I love Margherita pizza's. They taste fresh and are very simple in their ingredients. I love the tang of the tomato, with the salt of the cheese, and the freshness of the basil. All of these together make your taste buds sing! You can of course add or take away from this, as with all the other recipes in here. I've never used fennel seeds and though it's an integral component in a lot of Italian dishes, I don't care for the flavor so I omit this.
1 13.8-ounce tube refrigerated pizza dough
1 tablespoon extra-virgin olive oil
1 12-ounce bag cherry tomatoes, stemmed
1 garlic clove, pressed
1/2 teaspoon fennel seeds, coarsely crushed in plastic bag
1/4 teaspoon dried crushed red pepper
1 4-ounce ball fresh mozzarella in water (ovoline), diced
4 ounces whole-milk mozzarella, diced
1/3 cup chopped fresh basil leaves plus small leaves for garnish
Preparation
Position rack in top third of oven and preheat to 425°F. Unroll dough on heavy large baking sheet; pull to about 12x8-inch rectangle, pinching any tears to seal. Fold over edge of dough to make border.
Heat large skillet over high heat 2 minutes. Add oil, then tomatoes; sprinkle with salt and pepper. Sauté until tomatoes are charred and beginning to break down, about 5 minutes. Transfer to large bowl. Mix in garlic, fennel, and crushed red pepper.

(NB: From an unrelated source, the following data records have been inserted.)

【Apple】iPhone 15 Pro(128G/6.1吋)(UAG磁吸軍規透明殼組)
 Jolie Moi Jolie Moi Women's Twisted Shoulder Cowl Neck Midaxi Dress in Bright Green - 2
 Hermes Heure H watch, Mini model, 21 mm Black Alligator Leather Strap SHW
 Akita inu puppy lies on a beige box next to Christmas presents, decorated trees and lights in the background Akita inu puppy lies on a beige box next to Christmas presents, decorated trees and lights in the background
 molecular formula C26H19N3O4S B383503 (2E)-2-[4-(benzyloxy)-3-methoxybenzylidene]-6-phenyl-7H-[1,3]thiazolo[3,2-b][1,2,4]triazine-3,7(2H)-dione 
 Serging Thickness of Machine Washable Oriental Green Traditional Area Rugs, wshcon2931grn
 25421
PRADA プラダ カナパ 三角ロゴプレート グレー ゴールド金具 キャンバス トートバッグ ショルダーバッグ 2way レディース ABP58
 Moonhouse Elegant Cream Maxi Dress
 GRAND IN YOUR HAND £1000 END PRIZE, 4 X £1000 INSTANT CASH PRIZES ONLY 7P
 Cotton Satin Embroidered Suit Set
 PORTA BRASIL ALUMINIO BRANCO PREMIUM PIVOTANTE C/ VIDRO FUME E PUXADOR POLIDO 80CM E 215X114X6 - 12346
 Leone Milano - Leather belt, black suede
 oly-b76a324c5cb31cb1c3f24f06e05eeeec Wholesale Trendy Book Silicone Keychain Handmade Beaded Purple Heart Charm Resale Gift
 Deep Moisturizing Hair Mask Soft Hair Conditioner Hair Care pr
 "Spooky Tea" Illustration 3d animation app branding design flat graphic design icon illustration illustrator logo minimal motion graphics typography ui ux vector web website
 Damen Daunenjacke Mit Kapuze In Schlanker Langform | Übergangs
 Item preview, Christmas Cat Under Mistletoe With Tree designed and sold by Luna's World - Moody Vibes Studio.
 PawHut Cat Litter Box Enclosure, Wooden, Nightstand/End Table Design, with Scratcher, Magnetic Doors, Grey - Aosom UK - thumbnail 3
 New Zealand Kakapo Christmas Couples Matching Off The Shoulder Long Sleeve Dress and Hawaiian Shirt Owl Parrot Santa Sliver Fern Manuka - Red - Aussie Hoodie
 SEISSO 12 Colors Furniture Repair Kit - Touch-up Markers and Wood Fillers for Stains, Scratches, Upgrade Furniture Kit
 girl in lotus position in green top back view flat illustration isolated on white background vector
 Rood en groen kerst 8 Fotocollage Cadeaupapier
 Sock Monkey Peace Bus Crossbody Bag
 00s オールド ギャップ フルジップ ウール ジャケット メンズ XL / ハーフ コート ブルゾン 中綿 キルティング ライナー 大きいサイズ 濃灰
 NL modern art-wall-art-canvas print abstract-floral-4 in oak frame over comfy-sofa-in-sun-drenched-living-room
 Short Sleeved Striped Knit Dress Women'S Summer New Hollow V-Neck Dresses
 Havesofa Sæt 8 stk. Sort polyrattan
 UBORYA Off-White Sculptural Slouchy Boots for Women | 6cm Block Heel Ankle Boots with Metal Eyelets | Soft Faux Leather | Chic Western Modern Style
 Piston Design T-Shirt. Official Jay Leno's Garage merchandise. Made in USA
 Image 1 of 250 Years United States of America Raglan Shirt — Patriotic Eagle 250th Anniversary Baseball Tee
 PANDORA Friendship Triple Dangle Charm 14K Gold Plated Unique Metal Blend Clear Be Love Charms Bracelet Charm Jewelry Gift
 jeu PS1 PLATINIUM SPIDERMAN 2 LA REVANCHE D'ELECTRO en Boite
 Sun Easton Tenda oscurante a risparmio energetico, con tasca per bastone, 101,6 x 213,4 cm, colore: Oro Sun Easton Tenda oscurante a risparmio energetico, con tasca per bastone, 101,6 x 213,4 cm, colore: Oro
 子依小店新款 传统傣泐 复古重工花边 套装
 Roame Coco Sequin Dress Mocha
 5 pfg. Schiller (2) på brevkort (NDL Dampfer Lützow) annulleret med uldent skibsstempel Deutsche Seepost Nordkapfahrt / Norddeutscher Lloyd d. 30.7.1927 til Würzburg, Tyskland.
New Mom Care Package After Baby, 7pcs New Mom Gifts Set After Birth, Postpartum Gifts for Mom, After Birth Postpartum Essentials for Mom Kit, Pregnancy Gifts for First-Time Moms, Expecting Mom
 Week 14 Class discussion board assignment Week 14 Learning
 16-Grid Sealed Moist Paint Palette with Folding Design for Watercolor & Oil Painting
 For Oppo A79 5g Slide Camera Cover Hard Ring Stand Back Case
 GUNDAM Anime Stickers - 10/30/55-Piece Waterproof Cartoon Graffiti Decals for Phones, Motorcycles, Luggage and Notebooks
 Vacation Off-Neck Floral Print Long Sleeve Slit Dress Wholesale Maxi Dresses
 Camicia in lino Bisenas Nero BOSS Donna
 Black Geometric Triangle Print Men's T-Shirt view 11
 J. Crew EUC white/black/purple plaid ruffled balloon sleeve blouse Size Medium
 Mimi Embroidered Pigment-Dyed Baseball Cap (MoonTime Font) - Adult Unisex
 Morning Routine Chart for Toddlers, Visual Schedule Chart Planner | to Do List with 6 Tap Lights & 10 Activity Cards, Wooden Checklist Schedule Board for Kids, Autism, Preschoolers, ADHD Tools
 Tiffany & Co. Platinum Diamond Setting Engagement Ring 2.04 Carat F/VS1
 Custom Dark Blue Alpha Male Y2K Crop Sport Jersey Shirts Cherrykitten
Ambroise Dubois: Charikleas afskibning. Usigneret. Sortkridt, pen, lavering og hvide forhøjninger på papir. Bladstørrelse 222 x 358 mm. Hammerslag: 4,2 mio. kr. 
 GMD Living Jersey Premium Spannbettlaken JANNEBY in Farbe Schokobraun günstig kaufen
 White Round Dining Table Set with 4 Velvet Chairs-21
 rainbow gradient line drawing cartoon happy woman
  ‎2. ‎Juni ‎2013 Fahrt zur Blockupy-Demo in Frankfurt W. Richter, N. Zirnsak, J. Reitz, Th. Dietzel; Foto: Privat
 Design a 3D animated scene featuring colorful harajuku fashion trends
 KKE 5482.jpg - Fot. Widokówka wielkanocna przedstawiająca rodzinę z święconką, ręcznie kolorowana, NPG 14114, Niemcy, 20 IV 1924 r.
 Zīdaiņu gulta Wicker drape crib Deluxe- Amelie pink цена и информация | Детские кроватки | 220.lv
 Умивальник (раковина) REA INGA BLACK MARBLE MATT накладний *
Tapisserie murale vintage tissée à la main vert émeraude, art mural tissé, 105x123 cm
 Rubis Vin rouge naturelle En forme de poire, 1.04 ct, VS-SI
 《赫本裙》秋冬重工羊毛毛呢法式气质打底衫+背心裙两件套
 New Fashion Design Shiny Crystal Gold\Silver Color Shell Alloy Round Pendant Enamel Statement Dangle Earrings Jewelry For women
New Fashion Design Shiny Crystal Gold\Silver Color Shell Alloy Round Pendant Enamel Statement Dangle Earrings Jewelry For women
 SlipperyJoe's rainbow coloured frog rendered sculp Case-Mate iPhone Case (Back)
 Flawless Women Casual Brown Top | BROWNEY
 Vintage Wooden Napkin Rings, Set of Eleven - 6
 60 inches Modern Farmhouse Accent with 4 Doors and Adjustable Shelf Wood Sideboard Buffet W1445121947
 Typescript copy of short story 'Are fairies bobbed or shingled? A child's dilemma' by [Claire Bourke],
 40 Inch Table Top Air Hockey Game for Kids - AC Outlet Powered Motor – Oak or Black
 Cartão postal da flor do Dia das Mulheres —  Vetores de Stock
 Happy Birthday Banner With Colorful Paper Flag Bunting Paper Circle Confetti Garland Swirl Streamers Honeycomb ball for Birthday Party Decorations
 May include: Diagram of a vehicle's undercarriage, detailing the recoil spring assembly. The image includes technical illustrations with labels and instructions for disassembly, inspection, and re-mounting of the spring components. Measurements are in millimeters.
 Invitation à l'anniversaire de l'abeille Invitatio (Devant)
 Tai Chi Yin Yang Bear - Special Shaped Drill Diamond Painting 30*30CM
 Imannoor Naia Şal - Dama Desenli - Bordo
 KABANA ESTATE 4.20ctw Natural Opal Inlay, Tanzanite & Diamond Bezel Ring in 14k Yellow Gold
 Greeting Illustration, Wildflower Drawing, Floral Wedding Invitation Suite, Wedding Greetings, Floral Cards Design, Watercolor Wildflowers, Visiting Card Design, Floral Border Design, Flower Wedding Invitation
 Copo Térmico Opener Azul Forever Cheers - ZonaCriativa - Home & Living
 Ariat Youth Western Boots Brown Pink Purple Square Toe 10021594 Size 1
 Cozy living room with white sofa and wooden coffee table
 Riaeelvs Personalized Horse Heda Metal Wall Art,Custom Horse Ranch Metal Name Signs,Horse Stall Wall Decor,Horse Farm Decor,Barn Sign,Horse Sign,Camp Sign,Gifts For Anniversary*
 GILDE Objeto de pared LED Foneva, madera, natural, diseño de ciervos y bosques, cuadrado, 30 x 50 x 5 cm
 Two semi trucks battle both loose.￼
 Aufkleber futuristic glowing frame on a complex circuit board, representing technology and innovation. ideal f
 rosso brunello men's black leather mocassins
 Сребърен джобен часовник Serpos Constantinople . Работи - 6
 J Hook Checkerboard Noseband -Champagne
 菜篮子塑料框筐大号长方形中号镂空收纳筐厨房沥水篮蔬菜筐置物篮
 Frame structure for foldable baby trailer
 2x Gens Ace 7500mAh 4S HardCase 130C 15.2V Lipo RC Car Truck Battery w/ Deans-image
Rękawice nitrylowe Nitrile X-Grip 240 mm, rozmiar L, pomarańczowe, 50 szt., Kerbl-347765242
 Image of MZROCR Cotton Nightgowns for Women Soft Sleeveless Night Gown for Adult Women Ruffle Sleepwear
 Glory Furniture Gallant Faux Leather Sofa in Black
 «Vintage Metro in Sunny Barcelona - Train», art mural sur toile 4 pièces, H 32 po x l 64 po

Using back of fork, crush tomatoes in bowl, leaving large chunks intact. Season mixture with salt and pepper. Toss cheeses and chopped basil in medium bowl.
Sprinkle cheese mixture evenly over dough, right up to border. Spoon on tomato mixture in dollops, leaving some cheese uncovered. Bake pizza until crust is crisp and brown, 25 to 30 minutes.
Loosen pizza with metal spatula and slide onto board. Garnish with basil leaves.